In [1]:
import gensim.downloader as gensim_api
import string
import pandas as pd
import json
import re
import os
import pyterrier as pt
from pyterrier.measures import RR, R, Rprec, P, MAP
import global_variables as gb

if not pt.started():
    print("Enabling PRF in pyterier")
    # In this lab, we need to specify that we start PyTerrier with PRF enabled
    pt.init(boot_packages=["com.github.terrierteam:terrier-prf:-SNAPSHOT"])

Enabling PRF in pyterier


PyTerrier 0.8.1 has loaded Terrier 5.6 (built by craigmacdonald on 2021-09-17 13:27)

No etc/terrier.properties, using terrier.default.properties for bootstrap configuration.


In [2]:

def remove_emoji_smileys(text):
    try:
        # UCS-4
        EMOJIS_PATTERN = re.compile(
            u"([\U00002600-\U000027BF])|([\U0001f300-\U0001f64F])|([\U0001f680-\U0001f6FF])"
        )
    except re.error:
        # UCS-2
        EMOJIS_PATTERN = re.compile(
            u"([\u2600-\u27BF])|([\uD83C][\uDF00-\uDFFF])|([\uD83D][\uDC00-\uDE4F])|([\uD83D][\uDE80-\uDEFF])"
        )

    SMILEYS_PATTERN = re.compile(r"(\s?:X|:|;|=)(?:-)?(?:\)+|\(|O|D|P|S|\\|\/\s){1,}", re.IGNORECASE)

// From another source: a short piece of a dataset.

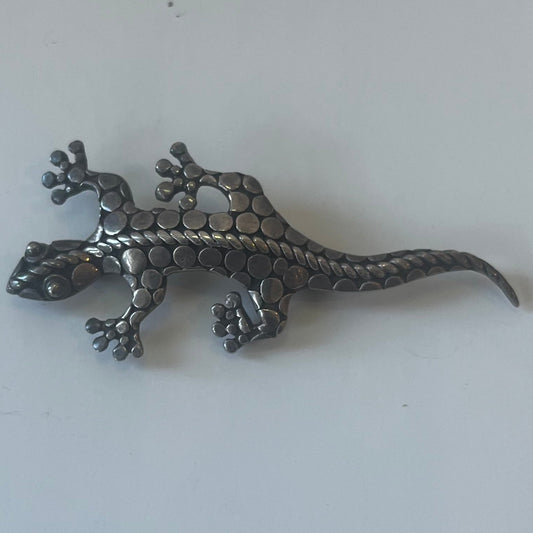 Textured Sterling Silver Gecko Brooch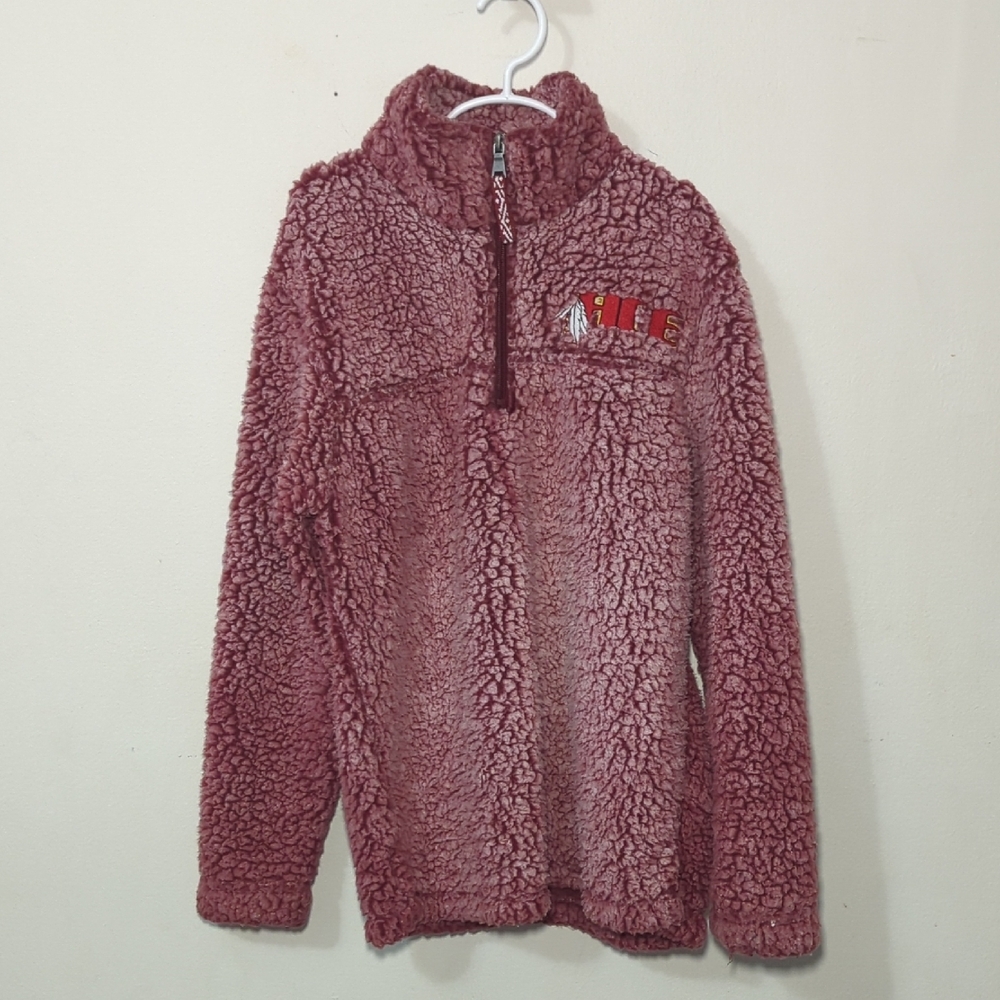 Boxercraft Sherpa Pullover Red Quarter Zip ACE Cheer Logo Girls Size L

    text = SMILEYS_PATTERN.sub(r"", text)
    text = EMOJIS_PATTERN.sub(r"", text)
    return text


def clean(text):
    text = re.sub(r"http\S+", " ", text)  # remove urls
    text = re.sub(r"RT ", " ", text)  # remove rt
    text = re.sub(r"@[\w]*", " ", text)  # remove handles
    text = re.sub(r"[\.\,\#_\|\:\?\?\/\=]", " ", text) # remove special characters
    text = re.sub(r"\t", " ", text)  # remove tabs
    text = re.sub(r"\n", " ", text)  # remove line jump
    text = re.sub(r"\s+", " ", text)  # remove extra white space
    text = text.strip()
    return text


# read file based on its extension (tsv or xlsx)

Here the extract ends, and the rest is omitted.